**RAW DATA**
○ ○ ○ ○ ○

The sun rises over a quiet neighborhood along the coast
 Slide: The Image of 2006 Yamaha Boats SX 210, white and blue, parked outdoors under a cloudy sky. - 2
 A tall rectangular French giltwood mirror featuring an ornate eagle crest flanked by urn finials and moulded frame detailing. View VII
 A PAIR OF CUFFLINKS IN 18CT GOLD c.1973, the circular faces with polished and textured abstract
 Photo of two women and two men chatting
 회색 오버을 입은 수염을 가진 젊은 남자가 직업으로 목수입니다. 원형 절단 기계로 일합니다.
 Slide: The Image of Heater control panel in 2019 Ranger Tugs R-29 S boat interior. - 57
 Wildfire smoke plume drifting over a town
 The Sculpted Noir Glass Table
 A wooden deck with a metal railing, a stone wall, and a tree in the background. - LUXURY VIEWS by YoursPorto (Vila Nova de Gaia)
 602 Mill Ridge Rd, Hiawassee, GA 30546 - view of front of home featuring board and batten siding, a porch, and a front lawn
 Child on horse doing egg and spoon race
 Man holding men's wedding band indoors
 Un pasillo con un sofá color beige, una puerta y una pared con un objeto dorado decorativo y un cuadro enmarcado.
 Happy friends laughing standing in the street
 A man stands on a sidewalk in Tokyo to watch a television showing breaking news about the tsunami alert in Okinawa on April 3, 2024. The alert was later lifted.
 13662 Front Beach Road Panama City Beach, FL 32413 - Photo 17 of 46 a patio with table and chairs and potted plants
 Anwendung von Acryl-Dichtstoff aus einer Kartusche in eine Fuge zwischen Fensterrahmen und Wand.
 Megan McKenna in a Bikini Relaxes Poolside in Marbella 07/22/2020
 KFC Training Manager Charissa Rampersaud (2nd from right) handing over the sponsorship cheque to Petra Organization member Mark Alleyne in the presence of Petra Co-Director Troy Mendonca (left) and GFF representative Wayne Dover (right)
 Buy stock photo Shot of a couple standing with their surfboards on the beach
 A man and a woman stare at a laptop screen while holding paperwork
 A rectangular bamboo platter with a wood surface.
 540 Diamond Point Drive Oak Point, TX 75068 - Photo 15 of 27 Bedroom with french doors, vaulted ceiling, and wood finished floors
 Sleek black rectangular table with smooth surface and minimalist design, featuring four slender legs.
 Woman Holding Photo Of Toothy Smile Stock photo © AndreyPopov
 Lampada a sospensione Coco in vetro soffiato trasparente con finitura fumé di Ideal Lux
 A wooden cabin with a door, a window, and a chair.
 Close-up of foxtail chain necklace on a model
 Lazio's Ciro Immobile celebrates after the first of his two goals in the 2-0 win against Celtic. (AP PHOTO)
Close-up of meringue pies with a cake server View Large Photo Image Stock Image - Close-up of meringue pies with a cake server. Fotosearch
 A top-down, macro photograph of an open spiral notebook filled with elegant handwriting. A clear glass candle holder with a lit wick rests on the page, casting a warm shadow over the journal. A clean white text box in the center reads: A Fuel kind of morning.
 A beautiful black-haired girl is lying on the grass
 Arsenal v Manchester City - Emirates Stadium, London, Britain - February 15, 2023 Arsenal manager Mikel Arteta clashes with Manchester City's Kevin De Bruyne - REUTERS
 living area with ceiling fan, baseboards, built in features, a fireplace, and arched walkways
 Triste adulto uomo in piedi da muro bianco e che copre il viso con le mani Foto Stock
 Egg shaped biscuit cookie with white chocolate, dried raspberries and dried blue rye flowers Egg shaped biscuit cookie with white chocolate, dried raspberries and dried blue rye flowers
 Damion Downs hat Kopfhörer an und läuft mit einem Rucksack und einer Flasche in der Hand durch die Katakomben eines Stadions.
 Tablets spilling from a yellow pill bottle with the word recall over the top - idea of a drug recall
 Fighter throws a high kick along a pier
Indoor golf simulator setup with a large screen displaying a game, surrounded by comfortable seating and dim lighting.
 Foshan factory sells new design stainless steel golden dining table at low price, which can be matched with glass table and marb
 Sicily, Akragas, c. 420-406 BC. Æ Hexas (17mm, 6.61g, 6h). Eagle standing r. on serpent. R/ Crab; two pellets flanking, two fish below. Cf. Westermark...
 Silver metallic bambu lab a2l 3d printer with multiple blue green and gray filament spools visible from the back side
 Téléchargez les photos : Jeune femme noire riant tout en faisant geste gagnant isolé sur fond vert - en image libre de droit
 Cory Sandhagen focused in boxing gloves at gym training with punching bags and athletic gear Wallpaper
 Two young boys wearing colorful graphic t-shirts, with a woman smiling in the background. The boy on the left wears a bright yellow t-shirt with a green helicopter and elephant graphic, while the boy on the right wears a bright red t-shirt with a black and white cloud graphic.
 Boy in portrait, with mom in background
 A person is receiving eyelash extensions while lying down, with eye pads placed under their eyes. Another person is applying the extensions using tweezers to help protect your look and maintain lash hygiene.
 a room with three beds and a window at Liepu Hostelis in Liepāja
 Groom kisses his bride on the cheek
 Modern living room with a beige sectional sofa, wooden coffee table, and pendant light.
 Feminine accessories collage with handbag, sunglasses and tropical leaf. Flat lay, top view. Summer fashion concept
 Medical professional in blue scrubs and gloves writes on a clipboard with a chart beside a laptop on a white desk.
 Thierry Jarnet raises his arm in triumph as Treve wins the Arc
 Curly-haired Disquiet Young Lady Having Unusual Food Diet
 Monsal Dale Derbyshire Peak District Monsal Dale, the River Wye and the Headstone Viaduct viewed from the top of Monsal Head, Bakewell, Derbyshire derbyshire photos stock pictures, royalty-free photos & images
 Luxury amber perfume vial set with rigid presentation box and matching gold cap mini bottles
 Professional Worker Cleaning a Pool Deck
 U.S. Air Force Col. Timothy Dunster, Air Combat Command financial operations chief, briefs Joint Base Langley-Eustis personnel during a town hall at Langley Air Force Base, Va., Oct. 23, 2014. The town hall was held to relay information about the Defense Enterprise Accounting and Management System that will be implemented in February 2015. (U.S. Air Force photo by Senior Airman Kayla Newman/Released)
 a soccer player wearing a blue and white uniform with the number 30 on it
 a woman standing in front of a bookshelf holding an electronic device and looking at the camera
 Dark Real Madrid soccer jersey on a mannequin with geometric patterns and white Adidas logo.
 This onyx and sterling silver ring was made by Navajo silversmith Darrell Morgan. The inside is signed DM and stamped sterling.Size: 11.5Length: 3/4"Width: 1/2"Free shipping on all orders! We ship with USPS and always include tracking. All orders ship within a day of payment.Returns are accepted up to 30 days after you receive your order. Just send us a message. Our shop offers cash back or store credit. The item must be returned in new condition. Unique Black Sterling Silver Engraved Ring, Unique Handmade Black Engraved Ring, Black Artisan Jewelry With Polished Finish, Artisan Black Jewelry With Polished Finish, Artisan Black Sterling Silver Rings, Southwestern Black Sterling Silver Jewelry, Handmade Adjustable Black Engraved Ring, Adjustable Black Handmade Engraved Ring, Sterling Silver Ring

○ ○ ○ ○ ○

**YOUR GOAL**
An exact copy of the lines above, from the one containing "Megan McKenna in" through the one containing "A wooden cabin", is the whole of the answer.

**EXERCISE RESPONSE**
 Megan McKenna in a Bikini Relaxes Poolside in Marbella 07/22/2020
 KFC Training Manager Charissa Rampersaud (2nd from right) handing over the sponsorship cheque to Petra Organization member Mark Alleyne in the presence of Petra Co-Director Troy Mendonca (left) and GFF representative Wayne Dover (right)
 Buy stock photo Shot of a couple standing with their surfboards on the beach
 A man and a woman stare at a laptop screen while holding paperwork
 A rectangular bamboo platter with a wood surface.
 540 Diamond Point Drive Oak Point, TX 75068 - Photo 15 of 27 Bedroom with french doors, vaulted ceiling, and wood finished floors
 Sleek black rectangular table with smooth surface and minimalist design, featuring four slender legs.
 Woman Holding Photo Of Toothy Smile Stock photo © AndreyPopov
 Lampada a sospensione Coco in vetro soffiato trasparente con finitura fumé di Ideal Lux
 A wooden cabin with a door, a window, and a chair.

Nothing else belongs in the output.